Afryka: Wole Soyinka (najpopularniejszy Wilbur Smith)
Trudno jest pisać o najpopularniejszych autorach afrykańskich, bo większości z nich po prostu nie znamy - literatura afrykańska wciąż jest w Polsce (ale nie tylko u nas) ignorowana i spychana na margines. Najbardziej znane są najprawdopodobniej dwa nazwiska - pochodzącego z Nigerii (największego kraju na kontynencie afrykańskim) Wole Soyinka i urodzonego w Republice Południowej Afryki Johna Maxwella Coetzee . Obaj wyróżnieni zostali literacką nagrodą Nobla - Soyinka w 1986 roku, Coetzee zaś w 2003.
Jednak największy sukces finansowy odniósł pisarz bez Nobla na koncie - Wilbur Smith . Ten pochodzący z Zambii (dawnej Rodezji Północnej) twórca, jest autorem powieści przygodowych rozgrywających się w Afryce.
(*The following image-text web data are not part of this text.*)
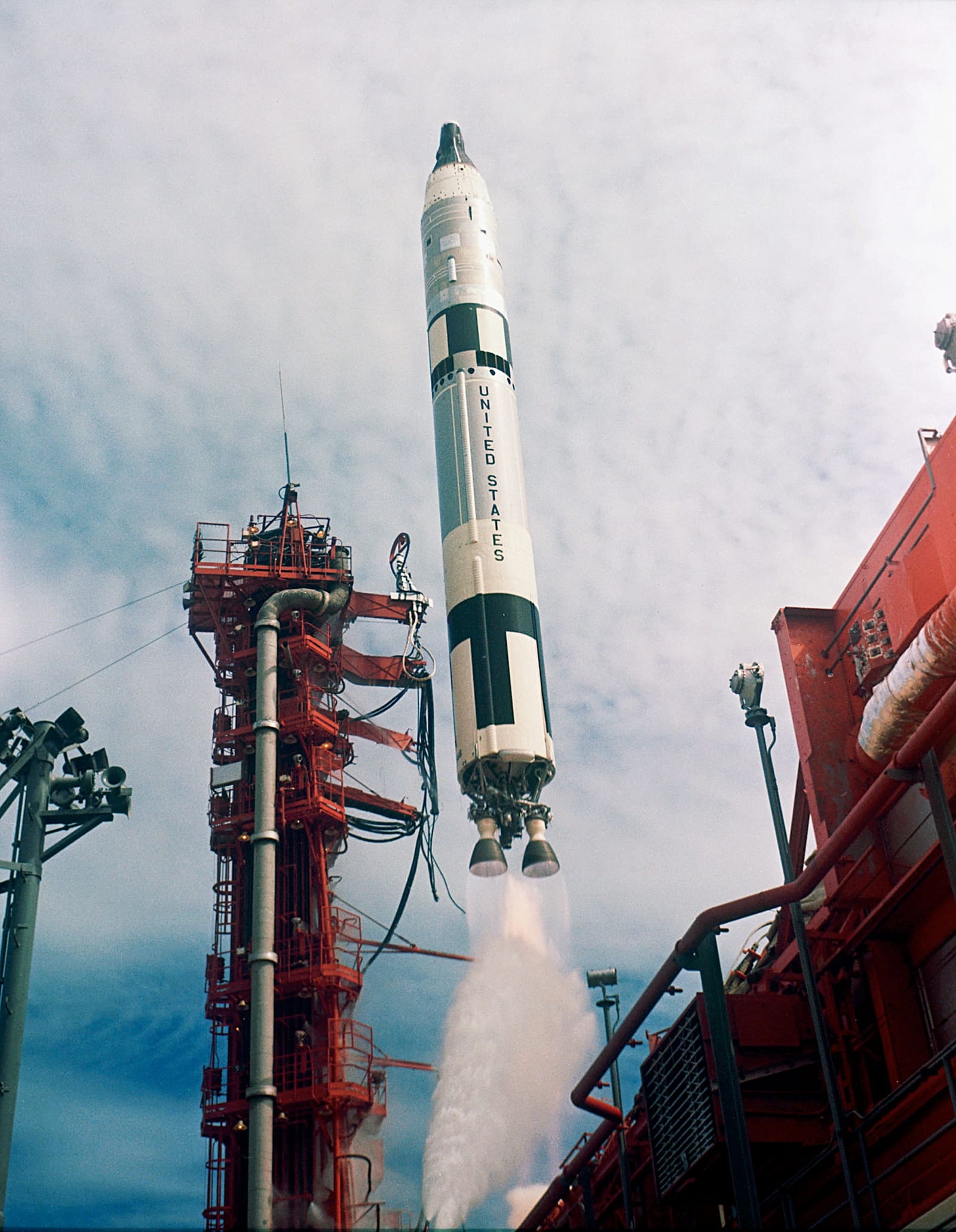 The Gemini-Titan 11 rocket rising past the umbilical tower at Complex 19.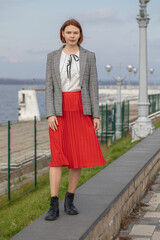 Obraz premium Fashion portrait of a young beautiful woman in red skirt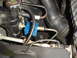 1993 Ford Bronco - This image shows engine bay components including a radiator cap and a blue fuel pressure regulator.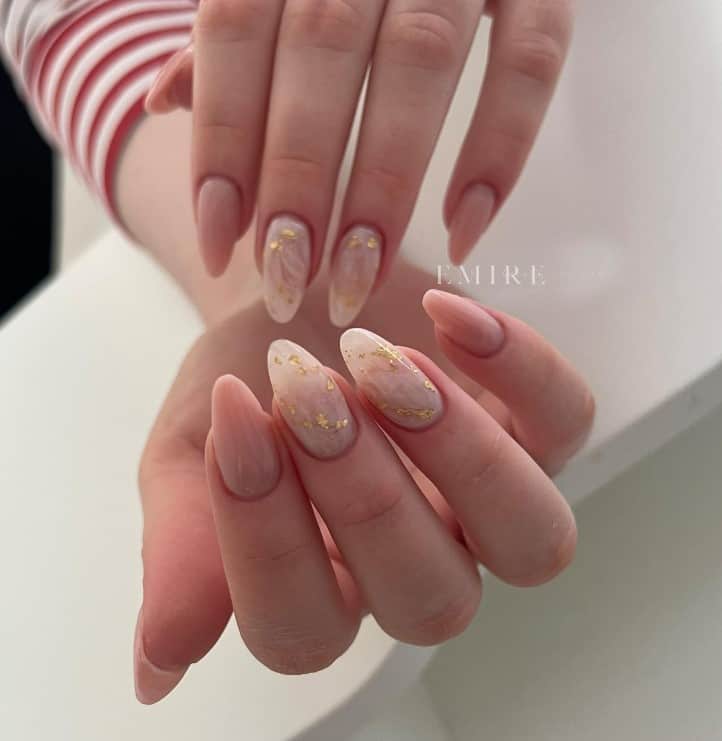 A woman's hands marbled nails with randomly scattered gold foil look great alongside the classic nude-colored nails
Często odwołuje się w nich do skomplikowanej historii tego kontynentu i tłumaczy skąd w zasadzie wzięli się na nim Holendrzy i Anglicy (sam Smith jest białym potomkiem kolonizatorów).
Dziennikarze brytyjskiej gazety "The Telegraph" podawali niegdyś, że powieści Smitha rozeszły się w nakładzie 80 milionów egzemplarzy, nie zgadzali się z nimi dziennikarze "The Herald", którzy twierdzili, że właściwsza jest liczba 100 milionów egzemplarzy.